僕は騎士団長の前なのにミレシアを思い切り抱きしめていた。
ミレシアも僕の背中に手を回している。
「お前たちが良いなら、良いが……」
騎士団長は少し残念そうだが、僕たちのことを認めてくれた。
「だが、そういう事情だ。騎士団の寮でメイドを続けさせるわけにはいかなくなった」
「……はい」
ミレシアは不正を働いていたヴェルディア侯爵の娘だから、直接侯爵が処分される事はなくなった以上、ミレシアがいる事で騎士団とヴェルディア侯爵の関係を疑われてもまずいのか……。
「だが、俺の家のフェルスター侯爵家ならミレシア個人と小さな頃から交流があるのは知られている。今夜からはそこで過ごしてくれ、ヴィンセントに送らせる。リュートの方のヴァルセイン子爵家にも準備はあるだろうから、戻れるようになるまでの間だ」
ヴァルセイン子爵家に戻る……。
僕とミレシアは顔を見合わせた。
二人でお茶を飲んだあのテーブルと椅子が懐かしい。
ミレシアも同じ気持ちで微笑んでいる。
困難はあるだろうけど、また、僕とミレシアの夫婦の時間が戻ってくるんだ——なんでも出来る。
僕はミレシアについてメイドの部屋まで来ていた。
メイドの部屋は一般騎士の部屋からつながった、騎士団長の部屋がある棟とはまた違う別棟にあった。
ミレシアの荷物はあまりなくて、すぐに支度が出来た。
「リュート様、私、待っていますから、ヴィンセントの家で」
「ヴィンセントの家……?」
騎士団長のフェルスター侯爵の屋敷のはずだけど……。
「子供の頃はお母様とフェルスター侯爵家に行くとヴィンセントに遊んで貰えるから、ヴィンセントの家と呼んでいたんです」
「……ヴィンセントが、妹もいると言っていたけど……」
「あ、そう言えば、二歳下のカタリナの方が一緒にいて遊ぶ事は多かったのに……どうしてヴィンセントの家と呼んでいたんでしょう?」
ミレシアはただ素朴にそう思っただけなんだと思う。
ただ僕には何かが引っかかった。
「ミレシア……」
結局は、これからの別れを惜しんで、ミレシアと抱き合ったりキスしているうちに、何を気にしていたのかも忘れてしまった。

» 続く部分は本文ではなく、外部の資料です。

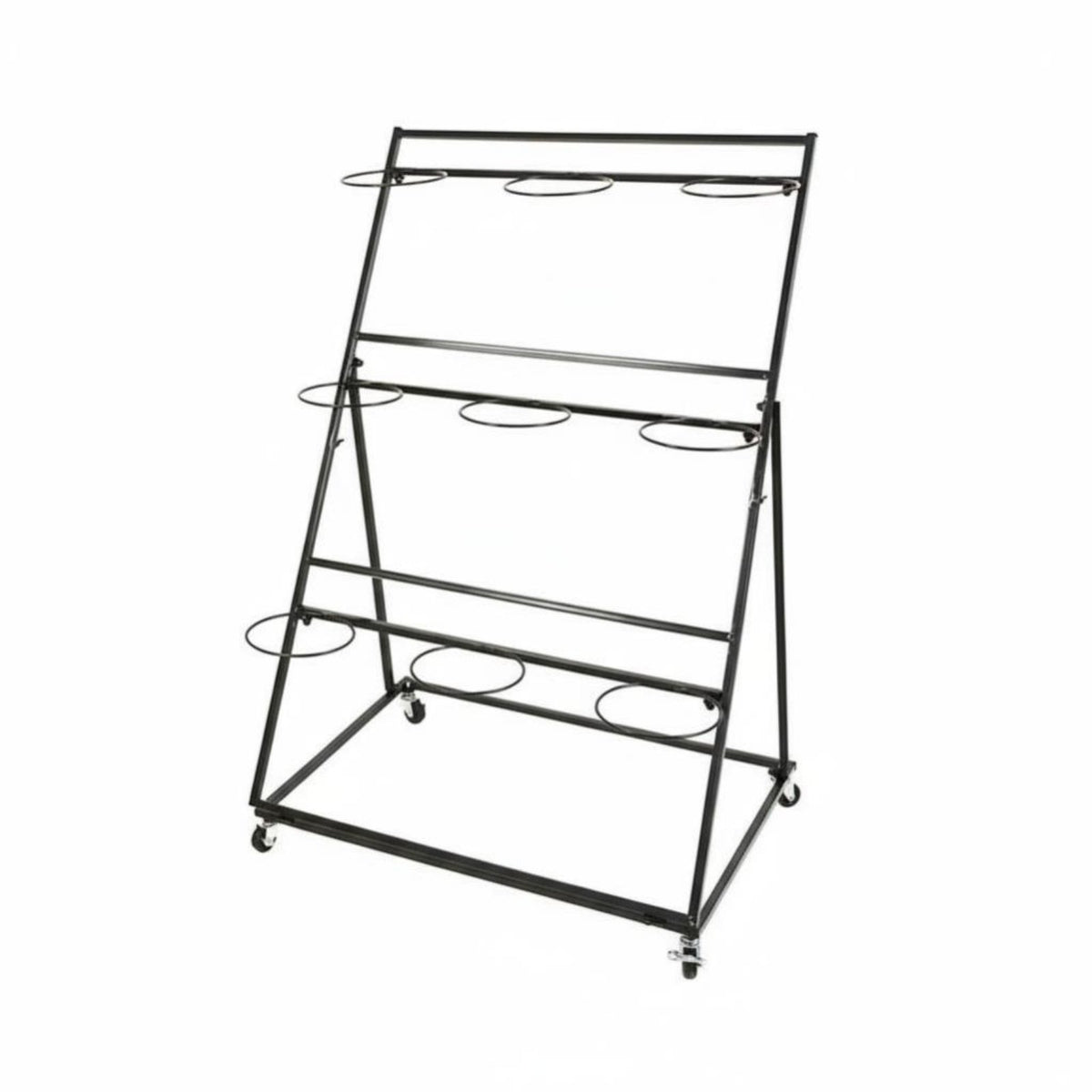 Multi-Layer Design Tiered Flower Container Stand Foldable 3-Tier Floral Arrangement Cart Ladder Structure Display Furniture Includes 12 Containers for Event Planners, Gardeners, Homeowners, Garden Center, Market Stall, Wedding Venue, Balcony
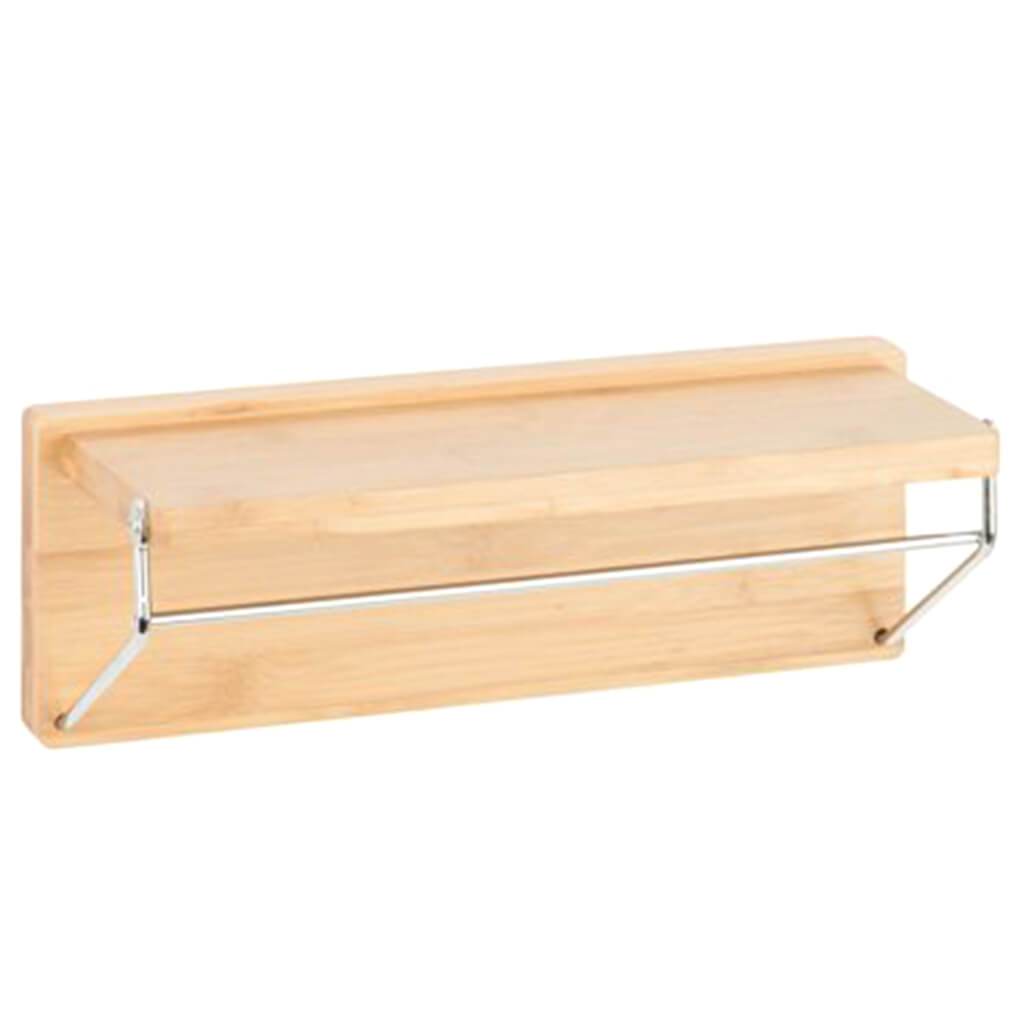 Wall Shelf with Chrome Bar, Bamboo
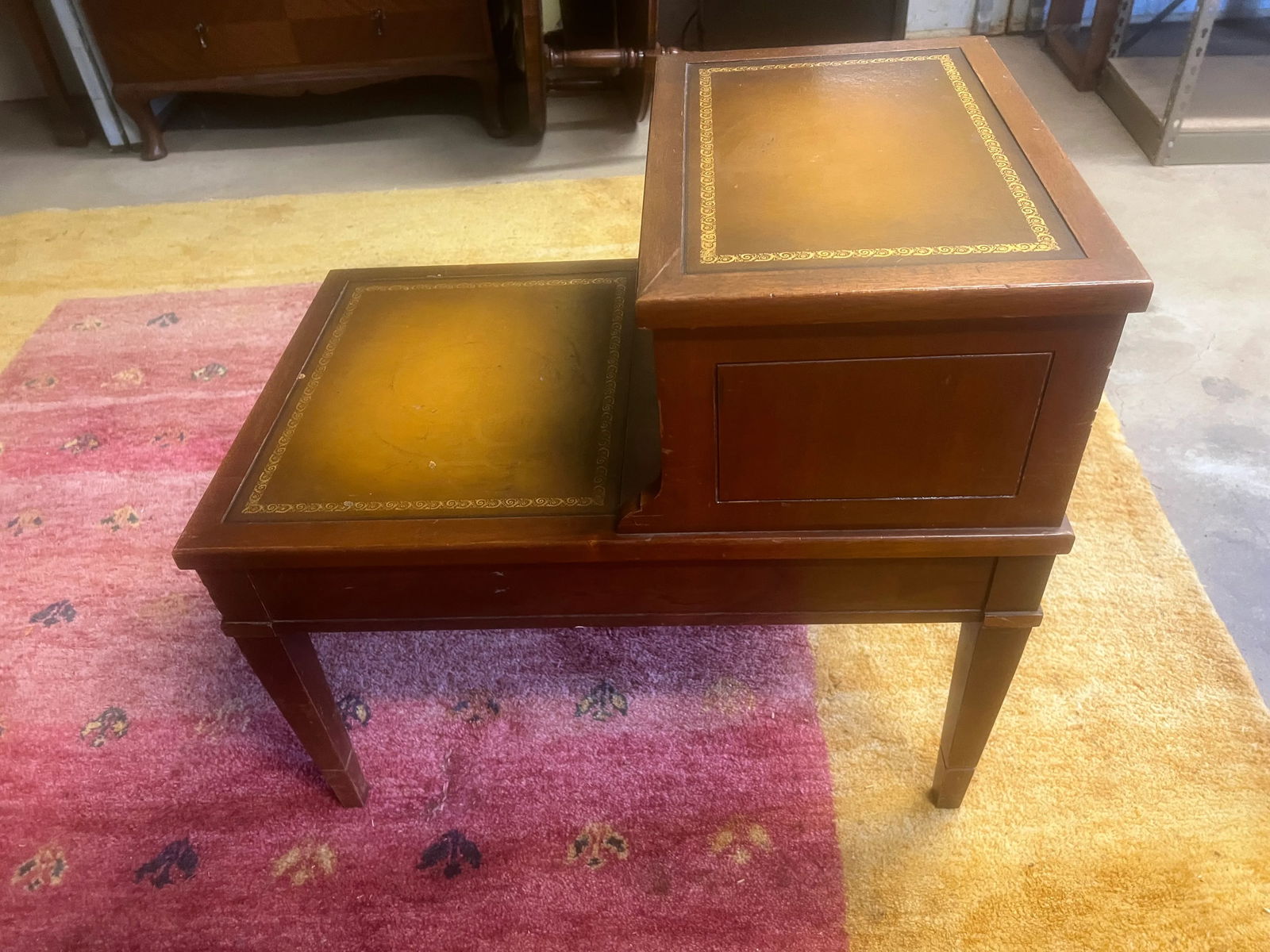 1960s Classic Mahogany Mersman Leather Side Table With Gold Stencil - 4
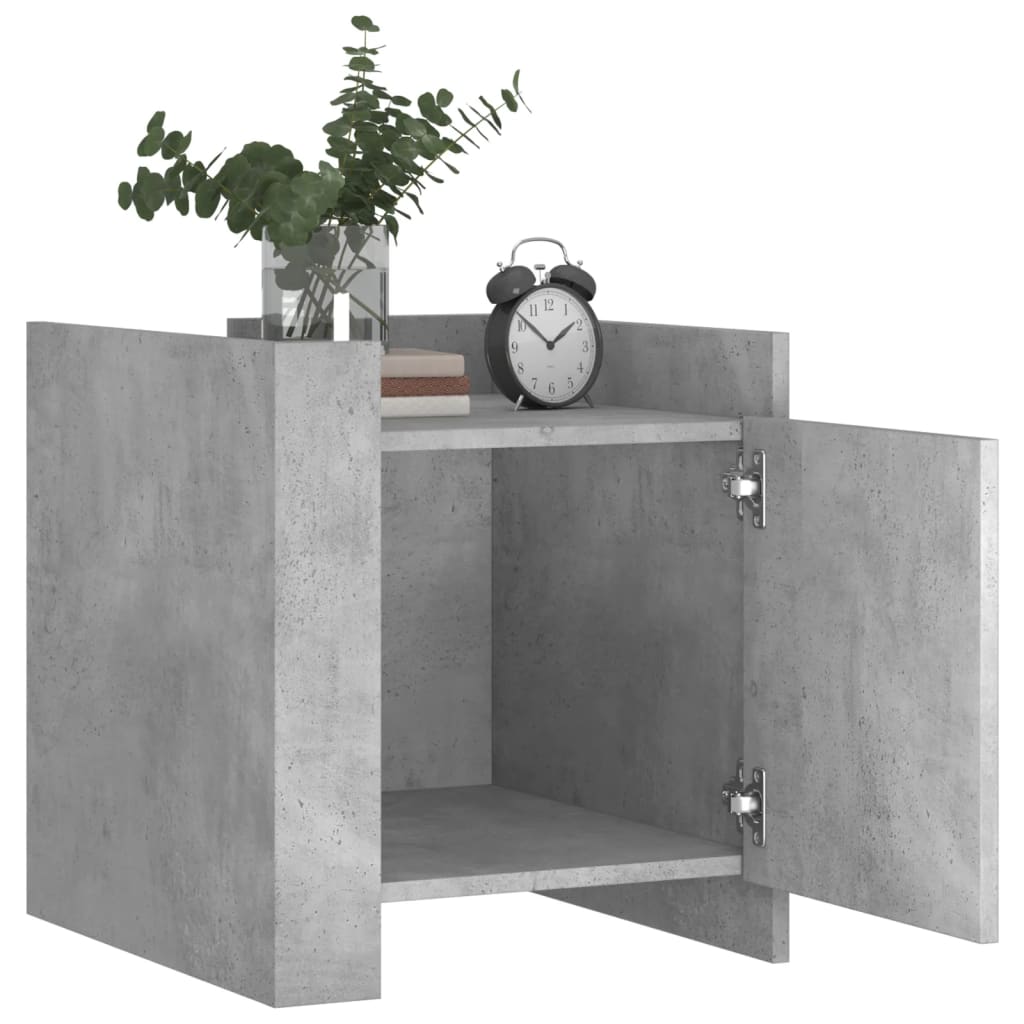 Mesa de cabeceira 45x50x50cm derivados madeira cinzento cimento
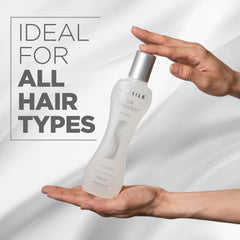BioSilk Silk Therapy leave-in application demonstrates easy detangling before styling.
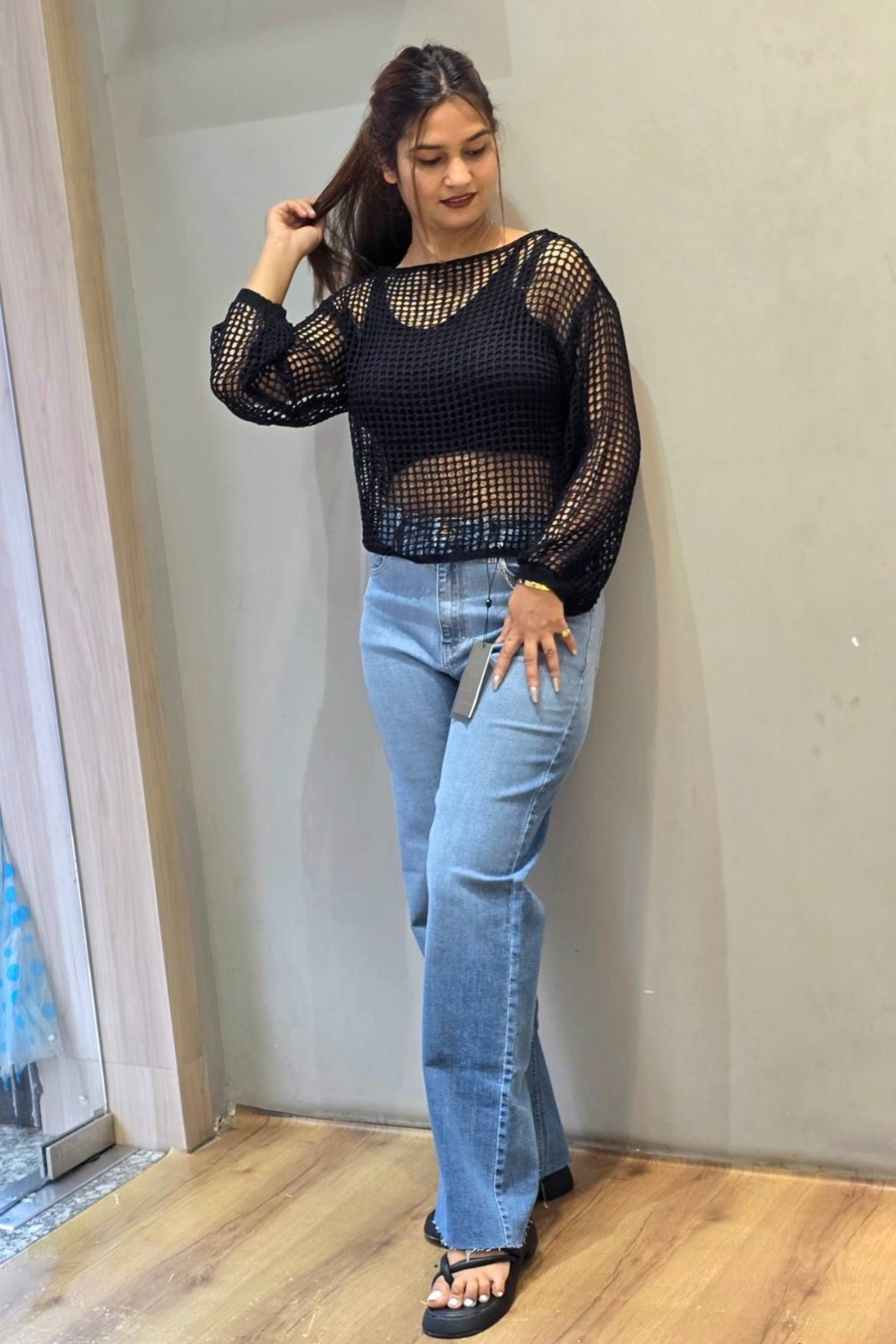 Mesh appeal with sheer top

メイドの別棟の裏口にヴィンセントが待っていて、ミレシアを引き渡した。
「ミレシアをよろしく、ヴィンセント」
「ああ、俺の家に行く道だ。慣れてるし、そんなに遠くないから、心配するな、リュート」
ミレシアと僕をちゃんと話し合わせて、夫婦にしてくれたのはヴィンセントだ。
ミレシアと二人きりになったからって心配する事は何もない。
「屋敷ではミレシアの部屋を整えたり母や妹に事情を説明するから、帰るのは明日の朝になる。今度行く時はリュートも連れていくから、騎士団での仕事を済ませておけよ」
「分かった」
僕はヴィンセントの馬に一人で乗せられているミレシアを見る。
最後にまたキスした。
グッとミレシアの身体が上に引っ張られる。
ヴィンセントが馬の跳び乗って、ミレシアの後ろに座って、ミレシアの身体を引き上げた。
「ミレシアが馬から落ちる!」
「あ、ごめん……」
ヴィンセントの手がミレシアを必要以上に握りしめている気がする。
でも、僕のせいか……。
「リュート様! 待っていますから!」
ミレシアとヴィンセントが見えなくなる。
もう僕は置いて行かれたような寂しさがあった。
契約結婚の終わりに、ミレシアがいないと気付いた時のような——。